=== ASSIGNMENT ===
Search each line of the data for the word "Woodland"; copy every line where it is found.
DATA TO USE Block Start
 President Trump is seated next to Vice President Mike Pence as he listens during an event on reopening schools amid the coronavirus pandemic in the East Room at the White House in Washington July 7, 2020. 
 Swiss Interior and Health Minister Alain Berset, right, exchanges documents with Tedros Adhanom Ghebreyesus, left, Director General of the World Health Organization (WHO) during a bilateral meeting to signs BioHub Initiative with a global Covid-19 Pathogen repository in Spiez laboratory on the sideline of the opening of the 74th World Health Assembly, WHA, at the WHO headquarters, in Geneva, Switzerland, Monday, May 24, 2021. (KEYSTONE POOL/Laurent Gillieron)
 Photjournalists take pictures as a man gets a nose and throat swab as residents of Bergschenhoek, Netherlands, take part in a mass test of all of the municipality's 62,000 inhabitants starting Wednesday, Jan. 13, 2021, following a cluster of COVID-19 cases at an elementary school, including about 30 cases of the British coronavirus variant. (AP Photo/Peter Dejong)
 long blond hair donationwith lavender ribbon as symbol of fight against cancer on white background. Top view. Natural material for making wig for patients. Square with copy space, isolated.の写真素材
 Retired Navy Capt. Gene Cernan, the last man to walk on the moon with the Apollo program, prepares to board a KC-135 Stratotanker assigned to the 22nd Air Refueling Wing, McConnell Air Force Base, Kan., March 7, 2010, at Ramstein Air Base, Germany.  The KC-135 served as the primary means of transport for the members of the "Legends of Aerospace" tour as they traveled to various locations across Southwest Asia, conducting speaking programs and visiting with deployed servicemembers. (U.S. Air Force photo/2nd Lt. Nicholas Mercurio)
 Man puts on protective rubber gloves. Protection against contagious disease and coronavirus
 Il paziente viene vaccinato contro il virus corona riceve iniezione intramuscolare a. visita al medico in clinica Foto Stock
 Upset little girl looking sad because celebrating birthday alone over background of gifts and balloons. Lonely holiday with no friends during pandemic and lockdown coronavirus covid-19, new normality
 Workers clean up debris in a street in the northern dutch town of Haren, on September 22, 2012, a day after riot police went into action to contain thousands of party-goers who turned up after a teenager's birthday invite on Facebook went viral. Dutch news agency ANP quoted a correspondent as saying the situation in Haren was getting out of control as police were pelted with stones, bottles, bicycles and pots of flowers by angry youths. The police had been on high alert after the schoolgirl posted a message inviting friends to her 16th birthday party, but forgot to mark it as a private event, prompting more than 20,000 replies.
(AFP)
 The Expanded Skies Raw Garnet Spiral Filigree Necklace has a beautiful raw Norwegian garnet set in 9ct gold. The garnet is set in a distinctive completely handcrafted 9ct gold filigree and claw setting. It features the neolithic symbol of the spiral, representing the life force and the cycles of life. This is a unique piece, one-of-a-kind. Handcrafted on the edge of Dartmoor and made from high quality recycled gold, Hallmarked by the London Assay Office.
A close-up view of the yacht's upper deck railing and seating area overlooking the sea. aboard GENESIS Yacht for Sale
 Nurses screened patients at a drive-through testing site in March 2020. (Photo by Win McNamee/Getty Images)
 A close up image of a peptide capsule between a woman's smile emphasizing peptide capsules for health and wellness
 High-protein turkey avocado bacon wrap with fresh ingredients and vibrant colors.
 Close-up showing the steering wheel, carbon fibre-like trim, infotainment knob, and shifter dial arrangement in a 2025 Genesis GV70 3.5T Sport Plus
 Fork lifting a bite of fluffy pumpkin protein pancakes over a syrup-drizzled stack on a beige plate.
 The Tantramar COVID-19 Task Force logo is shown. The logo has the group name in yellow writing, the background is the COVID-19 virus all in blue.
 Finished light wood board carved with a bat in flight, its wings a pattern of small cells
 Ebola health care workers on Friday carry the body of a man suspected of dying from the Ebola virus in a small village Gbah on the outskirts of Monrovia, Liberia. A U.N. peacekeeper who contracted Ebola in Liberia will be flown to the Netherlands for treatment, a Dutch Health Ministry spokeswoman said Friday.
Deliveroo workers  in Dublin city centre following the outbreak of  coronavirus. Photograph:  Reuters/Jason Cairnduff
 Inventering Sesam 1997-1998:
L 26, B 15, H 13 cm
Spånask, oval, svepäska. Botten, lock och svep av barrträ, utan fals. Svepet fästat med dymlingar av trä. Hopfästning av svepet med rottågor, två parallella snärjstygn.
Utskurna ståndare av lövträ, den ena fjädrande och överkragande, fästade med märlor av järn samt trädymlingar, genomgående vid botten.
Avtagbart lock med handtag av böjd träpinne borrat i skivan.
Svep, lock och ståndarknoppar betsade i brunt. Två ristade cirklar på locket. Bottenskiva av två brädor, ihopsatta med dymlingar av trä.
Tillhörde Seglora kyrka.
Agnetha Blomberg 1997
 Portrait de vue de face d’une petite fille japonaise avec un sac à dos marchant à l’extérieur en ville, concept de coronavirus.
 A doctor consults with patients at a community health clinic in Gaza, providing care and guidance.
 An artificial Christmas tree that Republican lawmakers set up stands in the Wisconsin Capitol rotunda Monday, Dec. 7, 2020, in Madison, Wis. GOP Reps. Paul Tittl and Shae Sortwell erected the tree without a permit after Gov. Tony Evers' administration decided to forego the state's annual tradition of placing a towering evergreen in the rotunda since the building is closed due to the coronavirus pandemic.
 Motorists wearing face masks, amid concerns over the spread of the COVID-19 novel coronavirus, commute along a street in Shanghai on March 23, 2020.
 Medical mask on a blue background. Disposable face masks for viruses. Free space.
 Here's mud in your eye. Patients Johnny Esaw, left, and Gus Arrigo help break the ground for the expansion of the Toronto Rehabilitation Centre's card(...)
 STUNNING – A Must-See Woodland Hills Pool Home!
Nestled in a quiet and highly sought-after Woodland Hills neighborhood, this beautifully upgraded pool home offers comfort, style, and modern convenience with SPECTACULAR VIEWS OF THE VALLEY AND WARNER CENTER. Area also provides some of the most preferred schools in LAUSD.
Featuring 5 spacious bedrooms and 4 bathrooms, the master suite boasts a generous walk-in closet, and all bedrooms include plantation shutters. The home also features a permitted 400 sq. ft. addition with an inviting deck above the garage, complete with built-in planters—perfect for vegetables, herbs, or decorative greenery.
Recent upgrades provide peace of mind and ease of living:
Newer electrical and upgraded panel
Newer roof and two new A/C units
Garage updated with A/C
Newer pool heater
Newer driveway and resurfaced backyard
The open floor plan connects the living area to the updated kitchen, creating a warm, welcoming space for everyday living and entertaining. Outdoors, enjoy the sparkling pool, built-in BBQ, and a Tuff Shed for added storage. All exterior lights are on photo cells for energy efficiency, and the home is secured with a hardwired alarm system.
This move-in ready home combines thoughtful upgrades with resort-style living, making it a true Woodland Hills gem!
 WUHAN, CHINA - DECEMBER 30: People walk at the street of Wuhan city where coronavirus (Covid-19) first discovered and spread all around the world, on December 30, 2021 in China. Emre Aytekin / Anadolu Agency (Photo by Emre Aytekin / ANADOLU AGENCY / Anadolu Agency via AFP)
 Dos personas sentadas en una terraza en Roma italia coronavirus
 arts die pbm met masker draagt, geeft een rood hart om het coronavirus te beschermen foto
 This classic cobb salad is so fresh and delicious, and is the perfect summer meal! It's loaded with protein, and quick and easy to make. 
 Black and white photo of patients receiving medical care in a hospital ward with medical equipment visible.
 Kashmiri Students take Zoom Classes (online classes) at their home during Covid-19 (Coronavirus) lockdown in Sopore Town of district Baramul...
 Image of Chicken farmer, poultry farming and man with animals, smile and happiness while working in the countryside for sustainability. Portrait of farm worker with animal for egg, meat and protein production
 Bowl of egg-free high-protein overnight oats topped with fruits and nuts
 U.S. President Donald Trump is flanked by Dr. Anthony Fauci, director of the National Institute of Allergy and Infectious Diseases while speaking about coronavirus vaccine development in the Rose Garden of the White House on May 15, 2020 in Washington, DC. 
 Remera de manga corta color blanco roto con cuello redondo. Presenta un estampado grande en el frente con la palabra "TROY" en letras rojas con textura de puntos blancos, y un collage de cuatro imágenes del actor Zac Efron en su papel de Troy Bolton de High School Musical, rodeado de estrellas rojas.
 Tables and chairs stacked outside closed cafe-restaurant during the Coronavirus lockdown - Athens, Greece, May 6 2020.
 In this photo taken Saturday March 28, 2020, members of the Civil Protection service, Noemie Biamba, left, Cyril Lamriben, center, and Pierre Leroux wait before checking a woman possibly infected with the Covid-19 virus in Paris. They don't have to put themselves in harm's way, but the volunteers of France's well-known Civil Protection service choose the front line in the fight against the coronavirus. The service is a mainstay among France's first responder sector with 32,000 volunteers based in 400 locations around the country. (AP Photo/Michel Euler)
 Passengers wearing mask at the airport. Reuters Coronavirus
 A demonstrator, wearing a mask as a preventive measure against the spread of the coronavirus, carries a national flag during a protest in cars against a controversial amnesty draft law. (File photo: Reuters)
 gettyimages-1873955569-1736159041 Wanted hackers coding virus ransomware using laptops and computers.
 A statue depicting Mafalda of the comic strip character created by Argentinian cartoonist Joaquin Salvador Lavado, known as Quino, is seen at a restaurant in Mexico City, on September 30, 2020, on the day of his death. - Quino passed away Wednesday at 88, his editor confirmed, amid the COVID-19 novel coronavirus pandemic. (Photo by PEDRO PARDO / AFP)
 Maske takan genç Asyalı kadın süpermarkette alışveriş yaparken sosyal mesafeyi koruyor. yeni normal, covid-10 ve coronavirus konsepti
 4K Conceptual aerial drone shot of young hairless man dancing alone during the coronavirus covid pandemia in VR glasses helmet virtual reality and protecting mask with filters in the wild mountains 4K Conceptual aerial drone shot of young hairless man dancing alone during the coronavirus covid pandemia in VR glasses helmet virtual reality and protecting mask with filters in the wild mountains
DATA TO USE Block End
=== SOLUTION FOR THIS TASK ===
 STUNNING – A Must-See Woodland Hills Pool Home!
Nestled in a quiet and highly sought-after Woodland Hills neighborhood, this beautifully upgraded pool home offers comfort, style, and modern convenience with SPECTACULAR VIEWS OF THE VALLEY AND WARNER CENTER. Area also provides some of the most preferred schools in LAUSD.
This move-in ready home combines thoughtful upgrades with resort-style living, making it a true Woodland Hills gem!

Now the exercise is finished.